Kesebelas : Tidak perlu mengusap wajah setelah doa qunut.
Ini adalah pendapat yang terkuat, karena tidak ada dalil yang menganjurkan untuk mengusap wajah setelah qunut, dan tidak juga datang pengamalan para sahabat akan hal ini. An-Nawawi berkata :
لَا يَمْسَحُ وَهَذَا هُوَ الصَّحِيحُ صَحَّحَهُ الْبَيْهَقِيُّ وَالرَّافِعِيُّ وَآخَرُونَ مِنْ الْمُحَقِّقِينَ قَالَ الْبَيْهَقِيُّ لَسْتُ أَحْفَظُ فِي مَسْحِ الْوَجْهِ هُنَا عَنْ أَحَدٍ مِنْ السَّلَفِ شَيْئًا وَإِنْ كَانَ يُرْوَى عَنْ بَعْضِهِمْ فِي الدُّعَاءِ خَارِجَ الصَّلَاةِ فَأَمَّا فِي الصَّلَاةِ فَهُوَ عَمَلٌ لَمْ يثبت فيه خبر ولا أثر ولا قياس فَالْأَوْلَى أَنْ لَا يَفْعَلَهُ وَيُقْتَصَرَ عَلَى مَا نَقَلَهُ السَّلَفُ عَنْهُمْ مِنْ رَفْعِ الْيَدَيْنِ دُونَ مَسْحِهِمَا بِالْوَجْهِ فِي الصَّلَاةِ
“Tidak mengusap wajahnya. Inilah pendapat yang benar, dibenarkan oleh Al-Baihaqi, Ar-Rofi’I dan selain mereka dari para muhaqqiq (ahli dan peneliti). Al-Baihaqi berkata, “Aku tidak mendapati adanya periwayatan sedikitpun tentang mengusap wajah dalam qunut dari satupun para salaf. Meskipun ada diriwayatkan dari sebagian mereka mengusap wajah ketika berdoa di luar shalat. Adapun di dalam shalat maka dia adalah amalan yang tidak shohih satupun hadits dan atsar tentangnya dan juga tidak dengan qiyas. Dan yang lebih baik adalah tidak melakukannya dan mencukupkan diri dengan yang dilakukan oleh para salaf dengan mengangkat tangan tanpa mengusap wajahnya di dalam shalat”. ([27])

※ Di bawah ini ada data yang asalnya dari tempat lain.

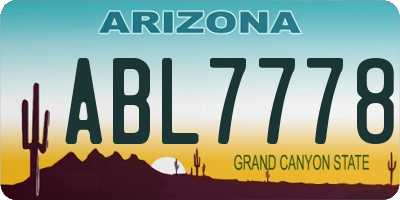 AZ license plate ABL7778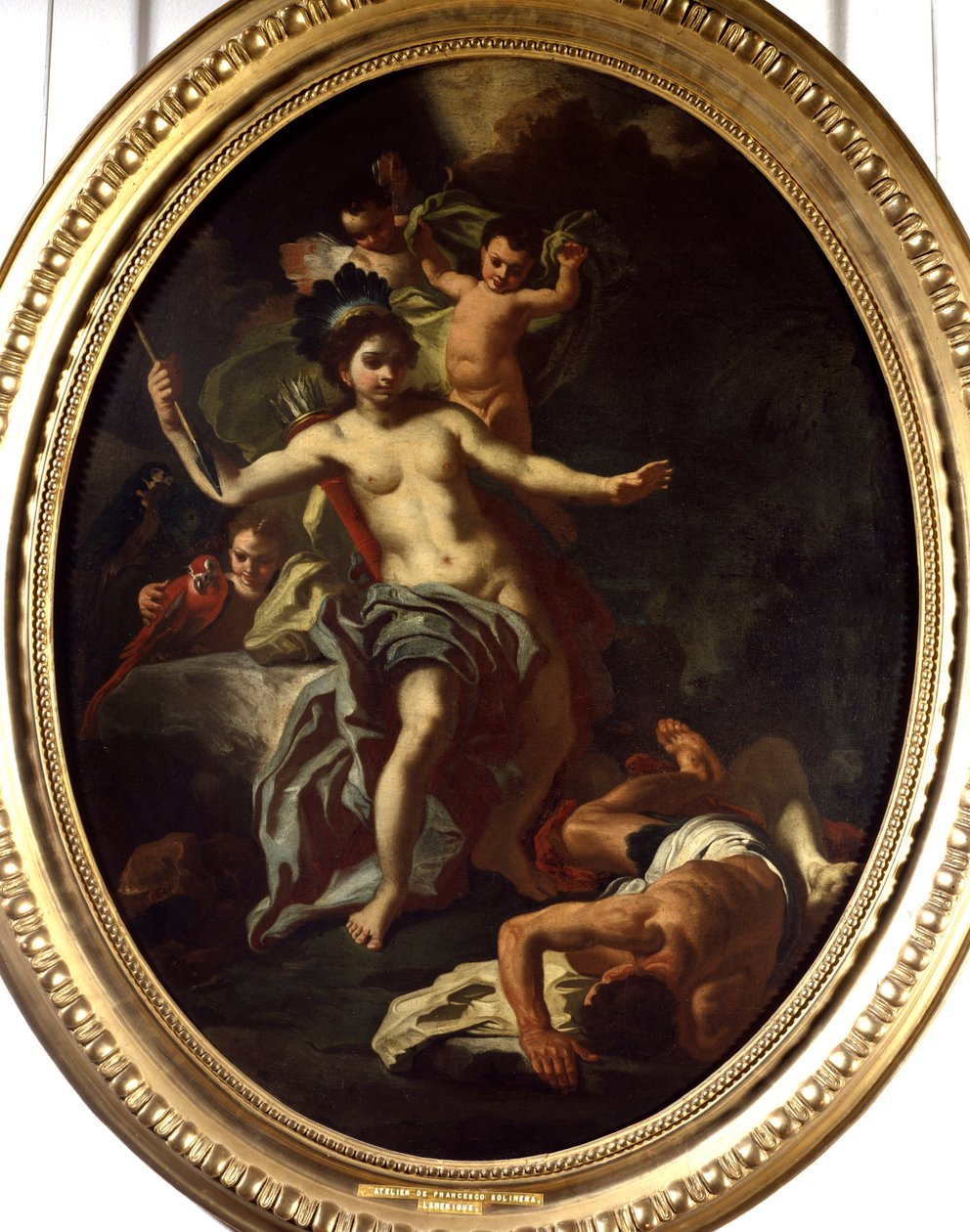 Amerika Alegorisi Francesco Solimena (1657-1747) (ek.ital.) 1738 La Rochelle, Yeni Dünya Müzesi tarafından atölye resmi. by Francesco Solimena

Kedua belas : Imam jangan baca doa qunut kelamaan sehingga menyusahkan para makmum
Diantara kesalahan sebagian imam tarawih adalah terlalu lama membaca doa qunut sehingga menyusahkan jama’ah, bahkan ada yang sampai doa qunut selama setengah jam. Doa yang diajarkan Nabi shallallahu álaihi wasallam kepada al-Hasan pendek, demikian juga doa yang dibaca oleh Umar maupun Ubay bin Kaáb juga doa yang pendek. Jikapun digabungkan ketiga-tiganya maka itupun hanya beberapa menit, apalagi jika dibaca salah satu aja. Dan sebaik-baik ibadah adalah yang dicontohkan oleh para salaf, karenanya para ulama menyatakan bahwa memanjangkan qunut hukumnya makruh.
An-Nawawi berkata :
قَالَ الْبَغَوِيّ يُكْرَهُ إطَالَةُ الْقُنُوتِ كَمَا يُكْرَهُ إطَالَةُ التَّشَهُّدِ الْأَوَّل
“al-Baghowi berkata : Makruh memperpanjang qunut sebagaimana dimakruhkan memperpanjang tasyahhud awal” ([28])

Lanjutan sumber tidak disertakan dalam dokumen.